[Opening Material shown section]

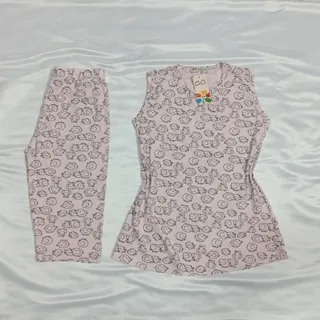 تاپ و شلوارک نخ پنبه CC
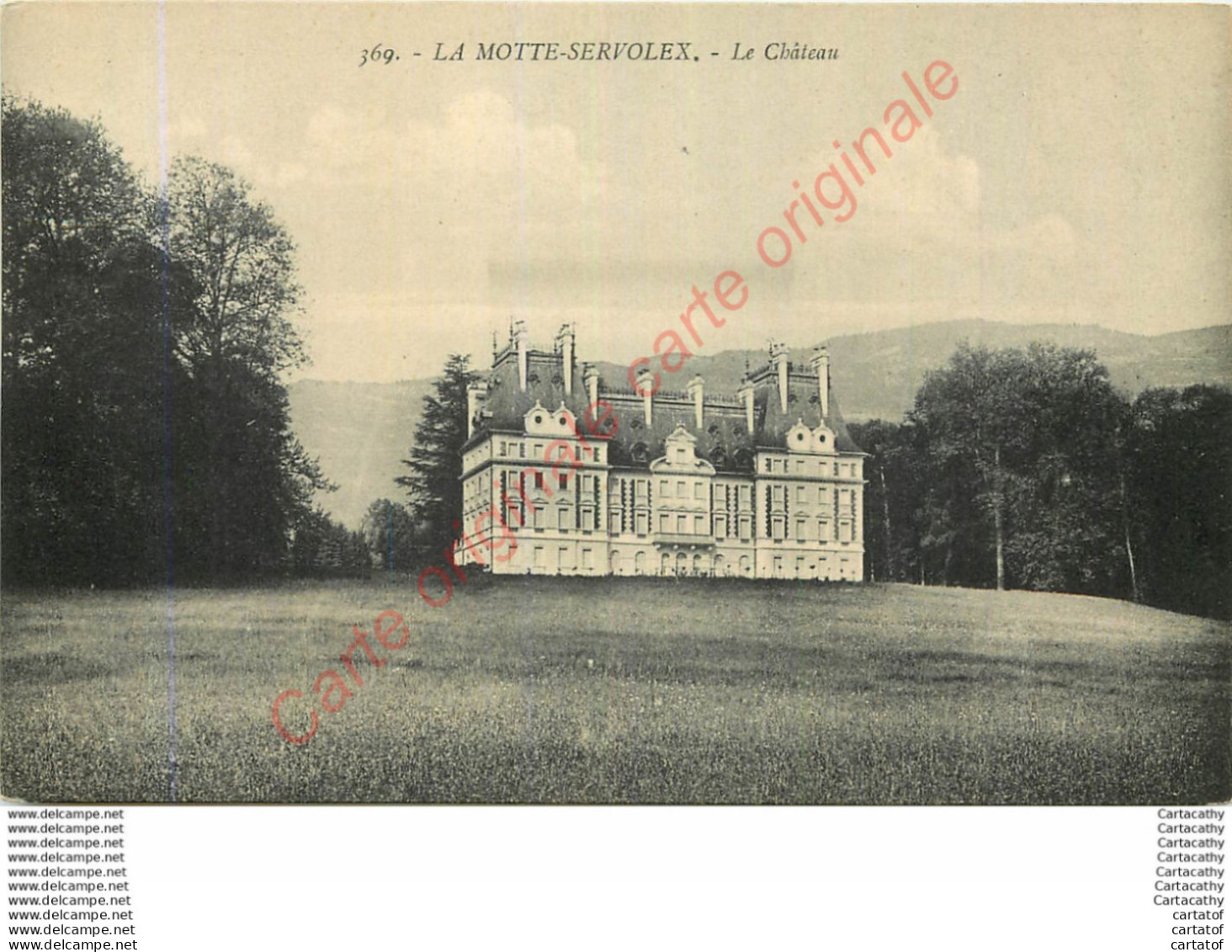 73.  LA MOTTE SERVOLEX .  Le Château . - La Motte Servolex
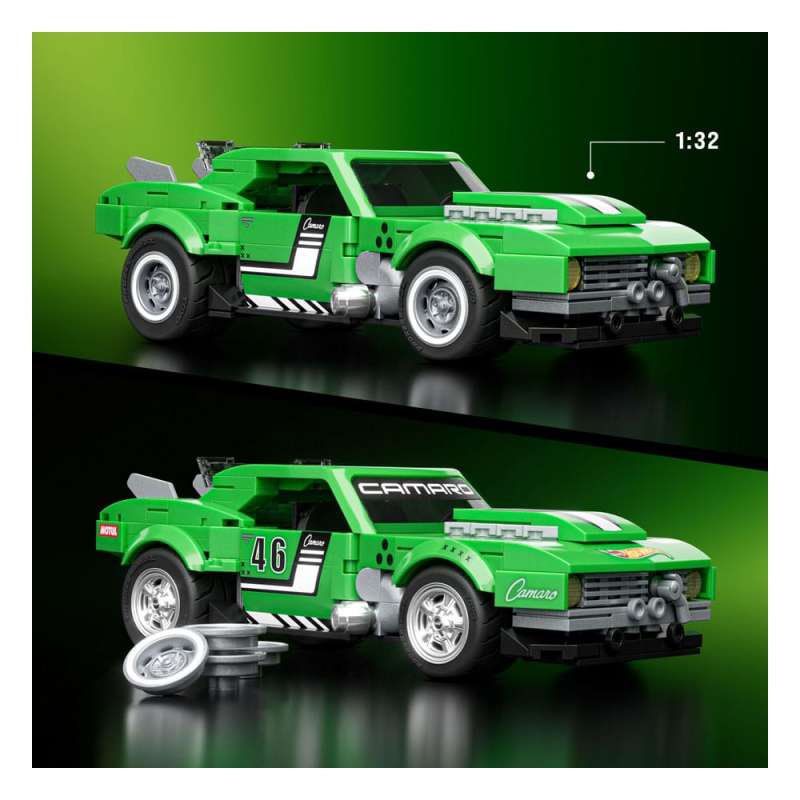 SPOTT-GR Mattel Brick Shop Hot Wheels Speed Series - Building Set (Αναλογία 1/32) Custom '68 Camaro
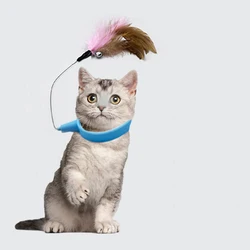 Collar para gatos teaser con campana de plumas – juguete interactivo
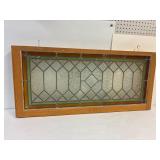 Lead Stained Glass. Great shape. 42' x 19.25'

[Closing Material shown section]
[Opening Material shown section]

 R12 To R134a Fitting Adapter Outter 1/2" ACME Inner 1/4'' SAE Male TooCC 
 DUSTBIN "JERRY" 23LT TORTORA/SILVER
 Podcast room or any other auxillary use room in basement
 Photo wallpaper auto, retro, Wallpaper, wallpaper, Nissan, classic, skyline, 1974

[Closing Material shown section]
[Opening Material shown section]

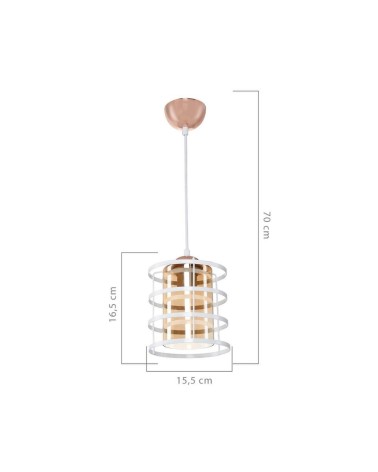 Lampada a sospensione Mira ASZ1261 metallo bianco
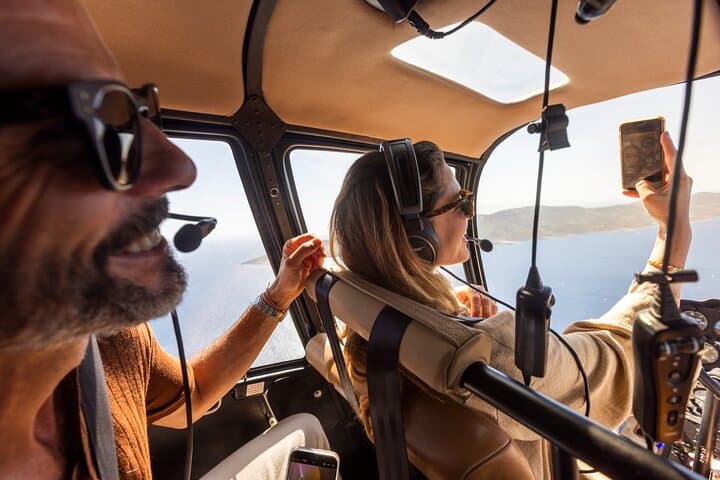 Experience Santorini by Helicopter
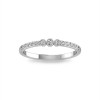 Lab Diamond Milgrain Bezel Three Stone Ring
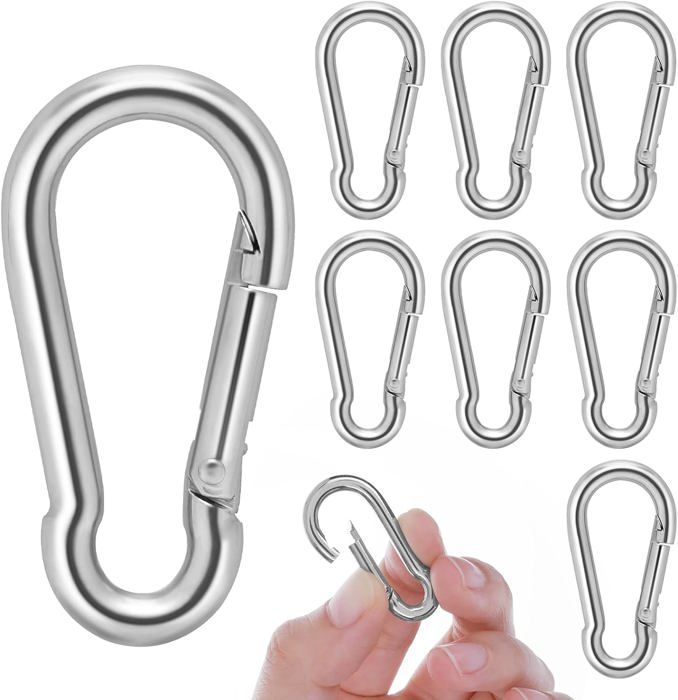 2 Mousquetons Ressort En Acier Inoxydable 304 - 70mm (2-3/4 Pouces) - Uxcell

[Closing Material shown section]

■ The problem: In the records above, everything from the line with "تاپ و شلوارک نخ پنبه CC" down to the line with "Lead Stained Glass." must be duplicated exactly, both lines kept. Leave no pictures in.

■ Expected answer:
 تاپ و شلوارک نخ پنبه CC
 73.  LA MOTTE SERVOLEX .  Le Château . - La Motte Servolex
 SPOTT-GR Mattel Brick Shop Hot Wheels Speed Series - Building Set (Αναλογία 1/32) Custom '68 Camaro
 Collar para gatos teaser con campana de plumas – juguete interactivo
 Lead Stained Glass. Great shape. 42' x 19.25'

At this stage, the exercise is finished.